THE ROCK - In the summer of 1997 I hooked up with a summer camp for 4 months of camp madness. One week it was raining during a session period so we crammed all the guys into our clubhouse, The Granite Club, for a movie. The Boys Camp Director came to camp with a box loaded with VHS tapes, each tape full of movies he recorded from some movie channel. We picked what we thought would be an appropriate movie for a larger age group and let it run. Those of us on Senior Staff left to get other programs set up, leaving counselors and staff to look after the guys. I don't remember what movie we showed them but I sure remember what movie followed it. We came back before lunch and there on the screen was Michael Bay's The Rock in all its explosive glory. “Waaaaugh! Turn it off! Turn in off! Turn if off!” Now, I think that The Rock is a perfectly good action movie, one of Michael Bay's best in fact. However, I really need to put this into context so you can understand why this was so horribly wrong. This camp was a Christian camp for a fairly conservative denomination of the Church. Nuts! And who was one of our campers? He was none only than the son of the Camp Registrar. Aw crap! Her son told her his experience with the glory of Bay and she went ballistic. Then the Camp Director went ballistic followed by the Director of Operations. Pretty much anyone with a title with the word Director in it went off on the Boys Camp Director.
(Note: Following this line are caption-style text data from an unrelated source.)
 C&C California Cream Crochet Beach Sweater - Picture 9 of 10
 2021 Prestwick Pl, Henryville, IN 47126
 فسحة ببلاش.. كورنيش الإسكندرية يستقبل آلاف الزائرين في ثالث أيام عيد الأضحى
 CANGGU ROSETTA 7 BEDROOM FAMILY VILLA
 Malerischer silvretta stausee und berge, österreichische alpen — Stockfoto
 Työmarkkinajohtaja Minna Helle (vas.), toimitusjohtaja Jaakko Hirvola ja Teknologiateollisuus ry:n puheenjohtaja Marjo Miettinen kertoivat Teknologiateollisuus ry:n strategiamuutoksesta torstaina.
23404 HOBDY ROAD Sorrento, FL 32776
So what did we do? Later that week during Scottish Day the kids were doing games and tasks to earn ‘money’ to buy items of Scottish heritage and cultural significance. One of those items was 'Movies starring Sean Connery'. Front and center on the item card, a card we asked the Camp Registrar to photo-copy for us, was The Rock. Cheeky buggers.
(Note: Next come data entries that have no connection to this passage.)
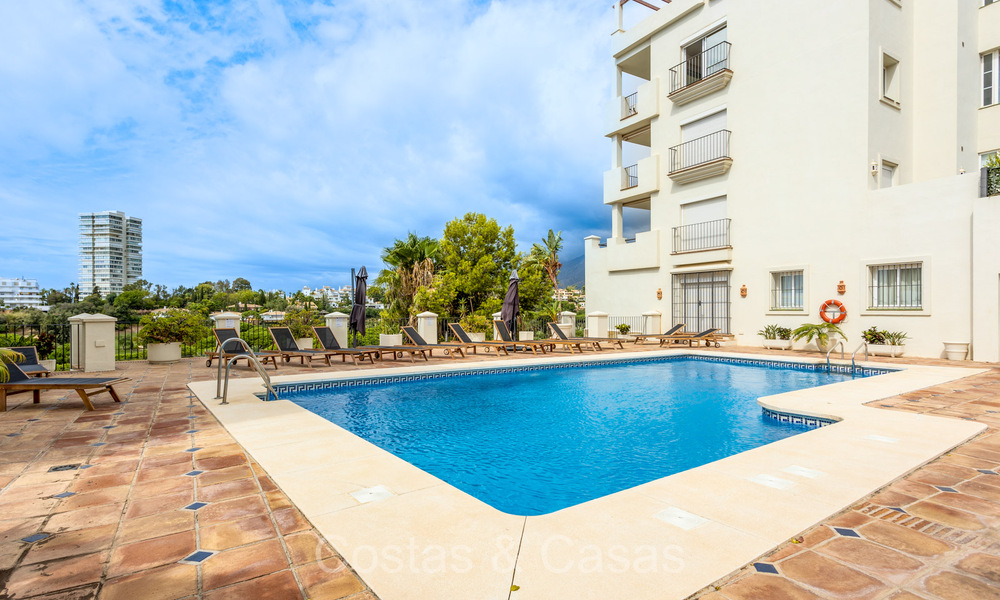 Ruim appartement met spectaculair golf- en zeezicht, op loopafstand van het strand in Oost-Marbella 74106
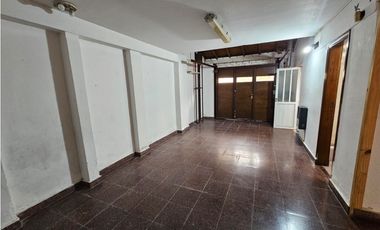 CHALET  4 AMB, GARAGE, TROTADORA, PATIO Z/FRANCIA 1800 DON BOSCO
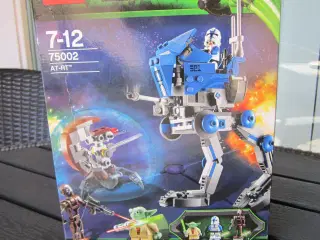 LEGO. STAR WARS 75002.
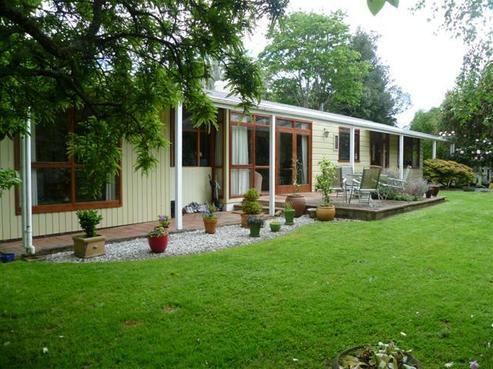 10 Chartwell Crescent, Chartwell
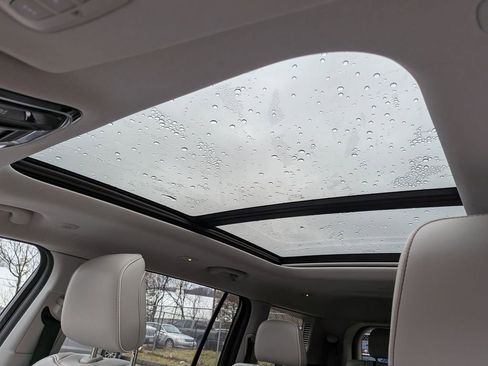 Certified 2023 Jeep Grand Cherokee L Overland image 24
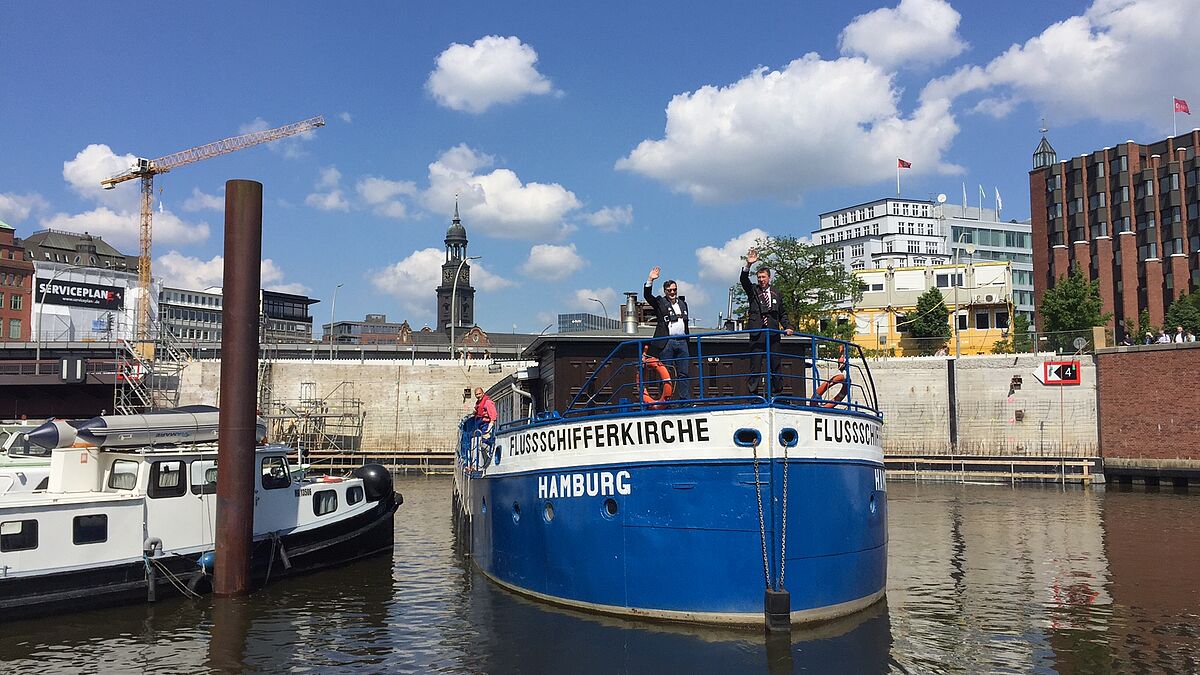 Winken zum Abschied: Die "Flusi" macht sich auf den Weg zum Kirchentag nach Magdeburg.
THE KILLER –During my last year at a Christian college my part time job was with the campus security. We got to walk around our campus carrying Mag-Lite flashlights and radios, telling couples who parked in our rear parking lot to cool their jets, telling the Korean youth groups their time in the gymnasium was up and they had to leave the campus, and just generally be bossy each night before we locked up the building. On weekends when there were no group bookings we knew that the TV/VCR trolleys would be available so I would wheel one up to my room in our dorm lounge and we would watch movies all night, which was a faux-pas because being the type of school it was there were rules about what we screened in public, or private. That’s just the way it was. One particular weekend, I don’t even remember if there was anyone on campus at all, I was watching John Woo’s The Killer. Great movie. And right near the end of the credits when Chow Yun-fat reaches for his harmonica the screen warbled and stopped. Nuts. I ejected the tape to find that the VCR had made a small cut on it. My VHS copy of The Killer was ruined. Determined to get compensation for damages to personal property, regardless of the fact that I was in the wrong, I went to one of the Campus Property staff to have the situation rectified. So there is Hector, my ruined tape in his hand and he reaches for his radio. He said something to the effect of, “Yeah. Andrew Mack is here. One of the VCRs ate a tape of his”. He looks at the cover, “It’s called The Killer?’ Anyone within earshot of someone from property staff could hear this on their radios, including the Campus Life Director, who would call me into his office that week and give me a grand lecture about suitable content and property usage and being a responsible Senior. But, I did get the school to pay for a new copy of it. Rock on.